Prop 23: Liberation from the Environmental Left. YES. In 2006, Sacramentos rocket-scientists enacted AB 32, imposing draconian restrictions on carbon dioxide emissions (yes, thats the stuff you exhale). They promised to save the planet from global warming and open a cornucopia of new jobs. Since then, Californias unemployment rate has shot far beyond the national unemployment rate and the earth
has continued to warm and cool as it has for billions of years. Prop 23 merely holds the Environmental Left to its promise: it suspends AB 32 until unemployment stabilizes at or below its pre-AB 32 level.
Prop 24: Because Taxes Just Arent High Enough. NO. This is a predictable entry by the public employee unions to impose an additional $1.7 billion tax on businesses. The problem, of course, is that businesses dont pay business taxes we do. Business taxes can only be paid in three ways: by us as consumers (through higher prices), by us as employees (through lower wages) and by us as investors (through
lower earnings on our 401(k)s).
Prop 25: Out of the Frying Pan and Into the Fire. NO. This changes the 2/3 vote requirement for the state budget to a simple majority a reform I have long supported. Experience has shown that the current 2/3 vote requirement for the budget does not restrain spending and it utterly blurs accountability. But such a reform MUST repair the 2/3 vote requirement for all tax increases and restore constitutional spending and borrowing limits. Without these provisions, Prop. 25 would be a disaster for taxpayers and a recipe for bankruptcy.
Prop 26: Calling a Tax a Tax. YES. Under the infamous Sinclair Paint decision, virtually any tax may be increased by majority vote as long as it is called a fee, gutting the 2/3 vote requirement in the state constitution to raise taxes. Prop. 26 rescinds Sinclair Paint, restores the
Constitution, and calls a tax a tax.
Prop 27: OMG. NO. Want to go back to the days when politicians drew their own district lines, literally choosing their own voters? This will get us there.
Yes on 20, No on 27.
Some mailers have gone out from so-called Republicans directing the opposite votes. Don’t be fooled.

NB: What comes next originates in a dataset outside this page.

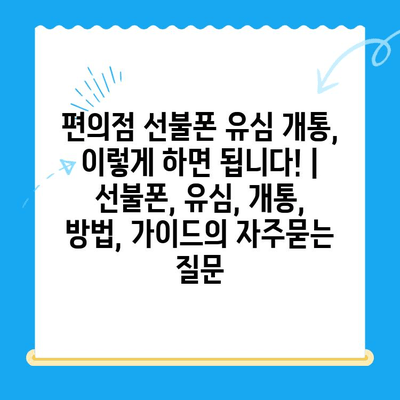 편의점 선불폰 유심 개통, 이렇게 하면 됩니다! | 선불폰, 유심, 개통, 방법, 가이드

This takes re-destricting out of the hands of legislators.
NO on 27.
Prop 27 is absolutely evil! It would hand back the power to draw legislative districts to the politicians, who have gerrymandered the state of California into a permanent Democratic majority. Soros is a big contributor to it. It MUST be defeated if conservatism is going to have a chance of surviving in the state.
Yes on 20, No on 27
Let me ask my wife how I voted...
YES on 20.
NO on 27.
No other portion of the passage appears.